Le principal changement induit par la réforme du ministre Jo Vandeurzen (CD&V) réside dans la création d’un portail unique. Dorénavant, les juges de la jeunesse et les assistants sociaux ne devront plus faire le tour de toutes les institutions du pays pour trouver une place d’accueil pour un jeune en difficulté : ils s’adresseront à un service central, joignable 7 jours sur 7 et 24 heures sur 24. La Flandre-Orientale a servi de province pilote depuis septembre dernier. Il ne s’agit toutefois pas d’un service public accessible à tous : les jeunes et les familles n’y ont pas directement accès. Ce sont uniquement les assistants sociaux et les juges qui peuvent introduire une demande pour le compte d’un jeune via un formulaire électronique. À partir des éléments du dossier, le jeune sera aiguillé soit vers une place dans un centre, soit vers une autre forme d’aide. Le système s’inspire de ce qui a déjà été instauré en matière de handicap.

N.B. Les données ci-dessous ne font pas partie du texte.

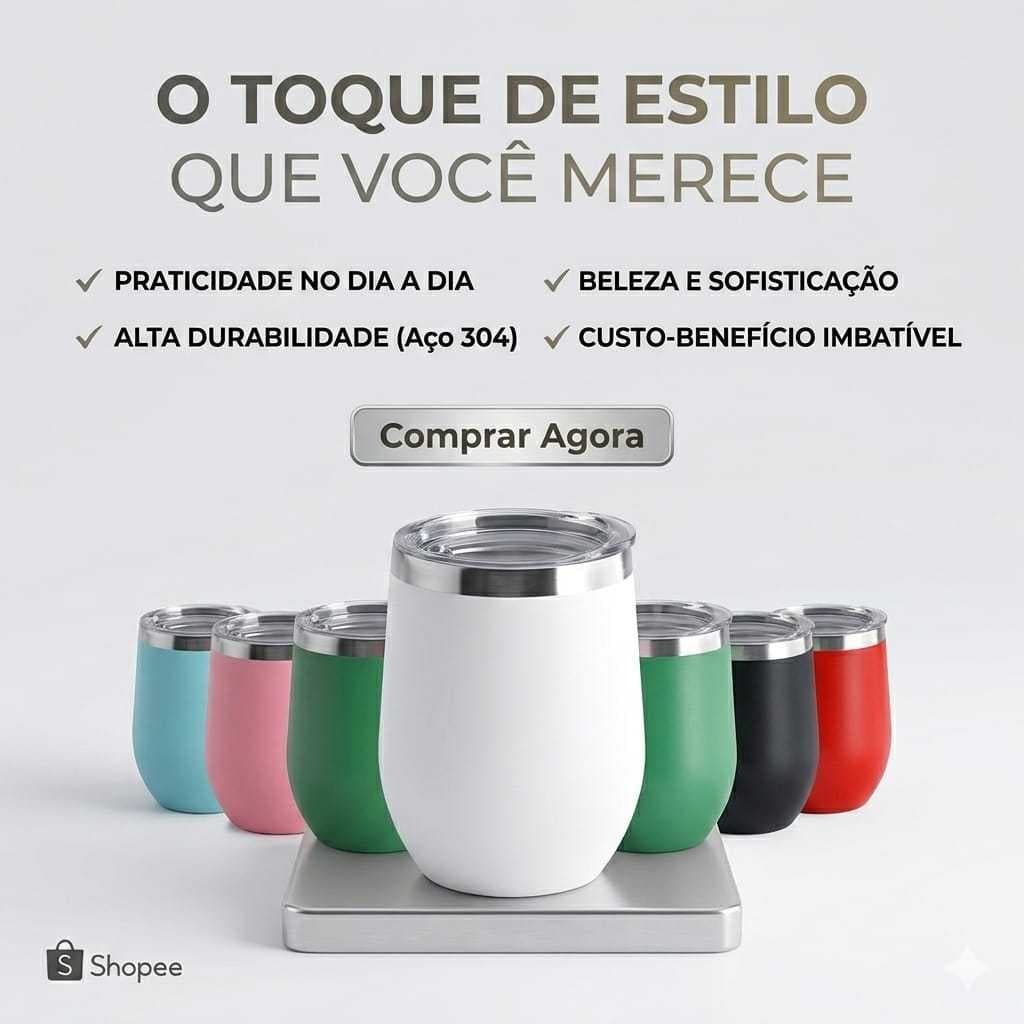Copo Ovo Cuia Térmica 350ml Em Inox Com Tampa Acrílica Mantem Quente ou Frio Envio Imediato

Les origines de cette réforme remontent à loin. Une motion baptisée Integrale Jeugdhulp et adressée au gouvernement flamand avait déjà été votée par le Parlement flamand en 1998 ! Le constat de départ était un trop grand émiettement des compétences en matière d’aide à la jeunesse. Au cours des dix dernières années, des efforts ont déjà été accomplis pour supprimer des cloisons entre les différentes filières et créer des places supplémentaires. Exemple de possibilités ouvertes par le nouveau décret : un enfant de sept ans qui séjourne la semaine dans un internat d’enseignement spécial pourra plus facilement passer le week-end dans le centre d’accueil où séjourne son frère.

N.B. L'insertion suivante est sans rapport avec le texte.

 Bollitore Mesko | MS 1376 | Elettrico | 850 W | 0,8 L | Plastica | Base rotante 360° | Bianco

Surcharge en vue pour la première ligne ?
Les comités d’aide spéciale à la jeunesse (comités voor bijzondere Jeugdzorg), qui fournissent une assistance aux familles en difficulté, vont cesser d’exister. Désormais, les jeunes et les familles s’adresseront uniquement à une série d’acteurs de première ligne : médecins, police, Kind en Gezin (pendant flamand de l’ONE), centres d’aide sociale générale (CAW), centres de guidance pour les élèves (CLB). Ceux-ci devront prendre en charge nettement plus longtemps le jeune avant qu’une solution, placement ou autre, ne soit trouvée. L’idée est d’intervenir plus tôt lorsqu’un problème se présente afin d’éviter toute escalade, mais un premier grief rencontré par la réforme est que la charge de travail et la pression risquent de fortement augmenter pour tous ces acteurs.
Par ailleurs, une série de juges de la jeunesse et d’assistants sociaux ont exprimé leur mécontentement dans une lettre ouverte au Parlement flamand. Ils craignent que l’on crée une sorte de goulot d’étranglement qui ne fasse qu’allonger les délais de prise en charge des jeunes, en particulier pour les cas les plus difficiles, comme on le constate avec les polyhandicapés dans le secteur concerné. Pour Jan Bots, directeur général du centre de guidance anversois Wingerdbloei, « on va créer un système très complexe qui part d’une logique administrative et non de la situation des jeunes. C’est en contradiction totale avec le décret Aide intégrale à la jeunesse. Toute cette bureaucratie va conduire à davantage de retards et provoquer un allongement des files d’attente ». Pour l’ensemble des mineurs en Flandre, hors situation d’extrême urgence, le délai moyen pour obtenir un placement hors de la famille est de 193 jours. Parfois, en situation d’urgence, le jeune doit passer quelques nuits dans une cellule de la brigade jeunesse de la police locale. Jan Bots craint que ce genre de cas ne fasse que se multiplier à l’avenir.
Des griefs, il y en a aussi du côté des juges de la jeunesse. « La philosophie actuelle du système, c’est d’éviter le plus possible un passage devant le tribunal de la jeunesse, ce qui est une très bonne chose. Le parquet ne nous défère les jeunes que quand toutes les mesures volontaires ont échoué. Mais ce qui est étrange avec le nouveau système, c’est que nous devrons d’abord expliquer nos décisions à l’administration », s’étonne Christian Denoyelle, juge de la jeunesse à Anvers. Et de craindre que, dans la situation d’engorgement actuelle, ce nouveau mode de fonctionnement ne constitue un frein supplémentaire.
« On va créer un système très complexe qui part d’une logique administrative et non de la situation des jeunes. » Jan Bots, centre de guidance anversois Wingerdbloei.